The SFoodie, Tamara Palmer, at SF Weekly just released her choices for the 10 Coolest Specialty Food and Drink Magazines. I have no real quibble with her choices, even considering I don’t know a number of the food magazines that made the list. Two publications that write about beer are there. The first, Imbibe, usually has something about beer in every issue though its focus is on all beverages. It came in at #3. The other one, DRAFT, is the only beer-only magazine to make the list, and it is #5. As I said, I have no quibble with either choice, a prety good showing for both rags. I’ve written for DRAFT, though not Imbibe (I have spoken to their editor about pitching something, but haven’t done anything about it yet).
Anyway, I should disclose that I’m probably overly sensitive about these sorts of things, but it definitely ruffles my feathers when other writers, and especially food or wine writers, write uncharitably about beer in somewhat dismissive tones, even when they’re trying not to, as if they can’t help themselves.
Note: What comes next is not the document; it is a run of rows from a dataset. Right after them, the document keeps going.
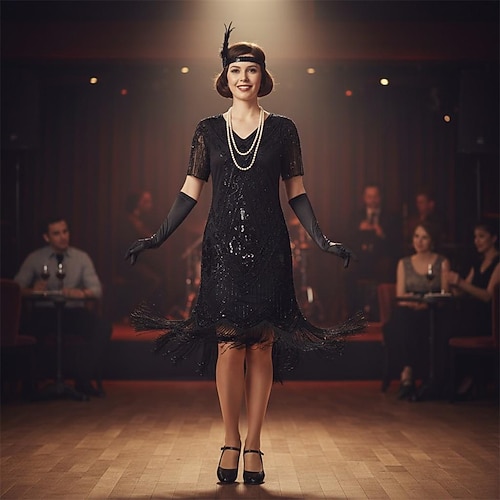 Set Retro Vintage Goldene Zwanziger 1920er Knielang Flapper Kleid Cocktailkleid Ausgefallene Kostüme mit Zubehör Kurze Ärmel Der große Gatsby Flapper-Mädchen Pailletten Quastenfransen V Ausschnitt Image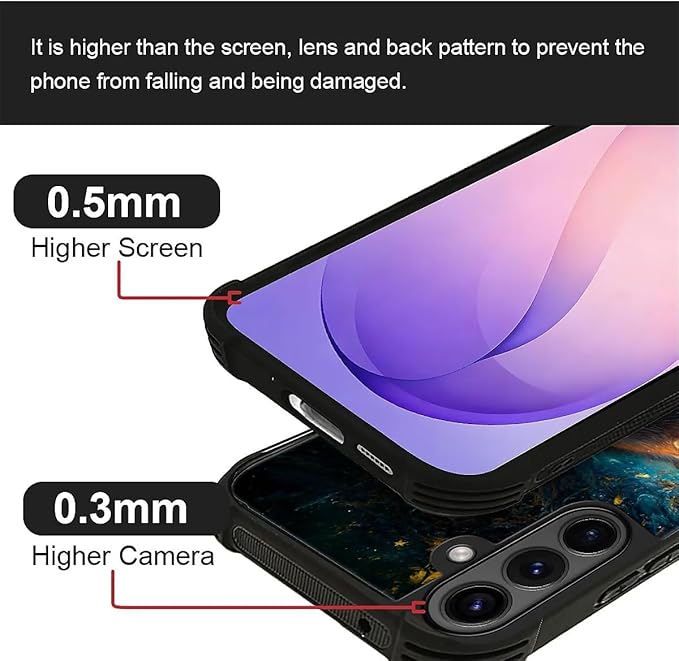 for Samsung Galaxy S26 Plus Case,Graphic Design for Girl Boy Soft Silicone Hard Acrylic Shock Protection Designed for Samsung Galaxy S26 Plus Star Cave Hungry Wolf Pattern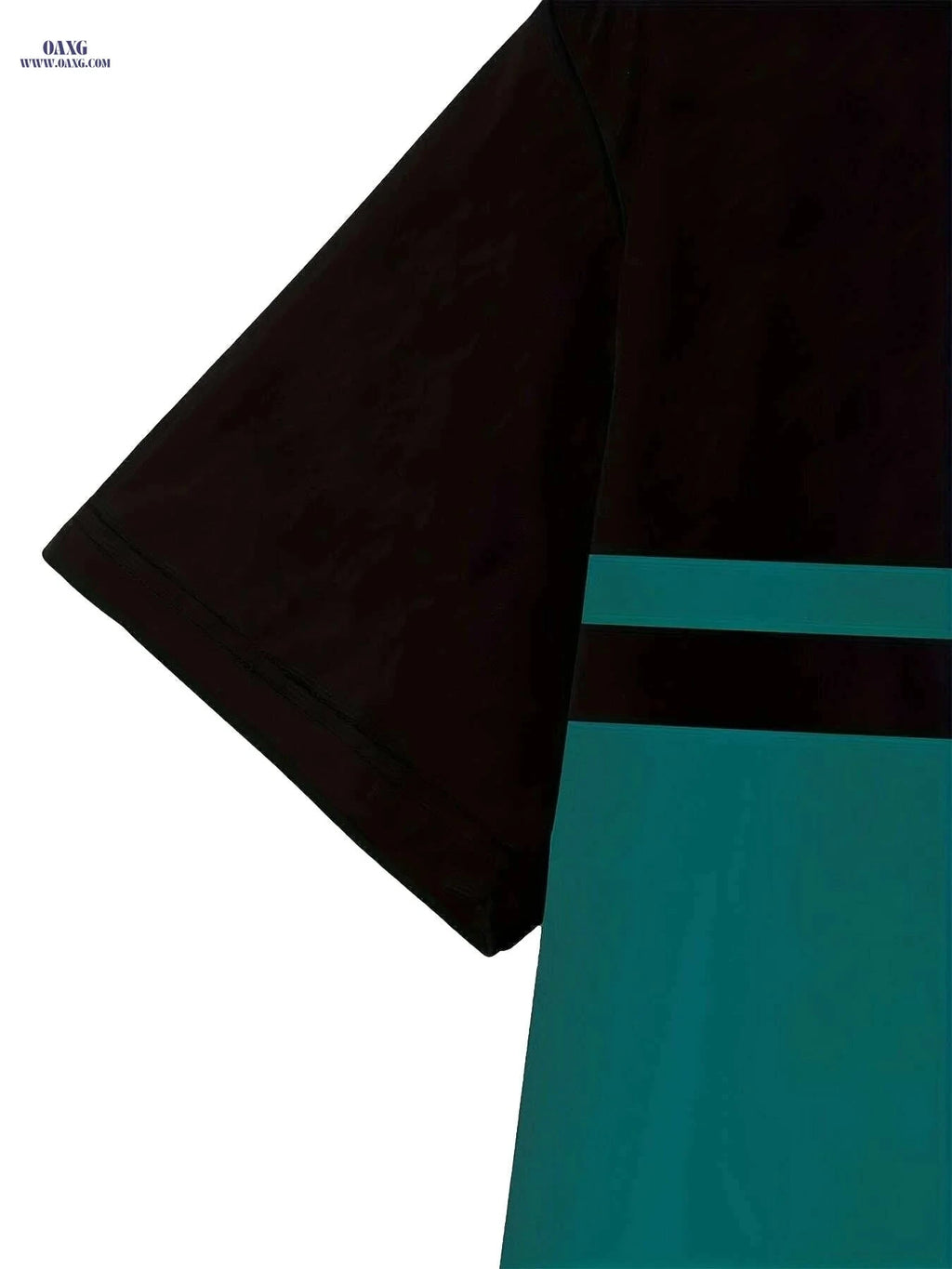 Teal & Black Stripe Casual T-Shirt - Short Sleeve, Lightweight 3D Print   OAXG Mixed Color / XXL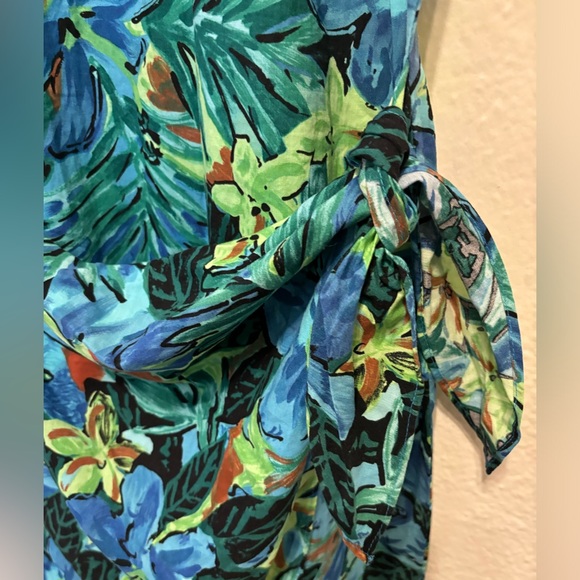 Hilo Hattie Sleeveless Tropical Faux Wrap Dress S - Picture 4 of 8
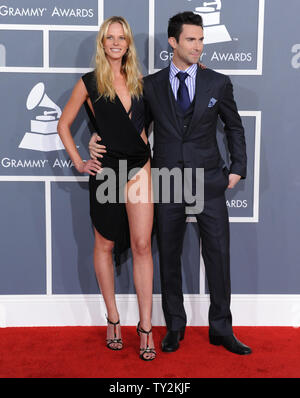 Musician Adam Levine and his girlfriend, Russian model Anne Vyalitsyna arrive at the 54th annual Grammy Awards at Staples Center in Los Angeles on February 12, 2012. UPI/Jim Ruymen Stock Photo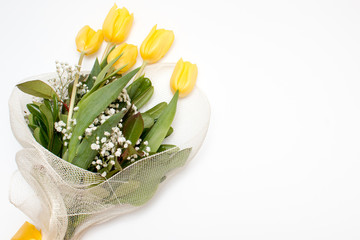 Yellow Tulips Bouquet Flowers Isolated In White Background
That seems to be the case here, as Palmer writes in her description of DRAFT magazine. “Beer is not usually something you think of as classy.” Really, why was that qualification necessary? She lives in San Francisco, the birthplace of the modern craft beer movement. There are countless good beer bars, and most here have at least an okay selection that includes more than just the macros. Then there are more than a few restaurants starting to embrace beer. Slanted Door, Millennium, and, of course, the Cathedral Hill Hotel, to name just a few. And look at the great job 21st Amendment, Magnolia, Thirsty Bear and Alembic have done with their menus. How could a food writer miss entirely SF Beer Week? With 155 events over ten days, including over two dozen beer dinners and another 25 or so beer and food pairing events at such places as Oliveto and Chez Panisse, for chrissakes. Surely, she couldn’t have missed the giant beer tent at Slow Food Nation last August at Fort Mason. San Francisco isn’t just some podunk town when it comes to beer, but everywhere you look you see local and better craft and imported beers. So how do you inhabit that space and not be touched by it, dismissing it at the stroke of a pen. I find it just so incredibly frustrating. I see so many people committed to raising the status of beer beyond mere commodity, pouring their life’s blood into it to no apparent effect whatsoever. I mean what exactly do the craft beer brewers, the better beer bars, and the beer savvy chefs at restaurants embracing beer have to do to attract the notice of someone whose very job is about food and drinks?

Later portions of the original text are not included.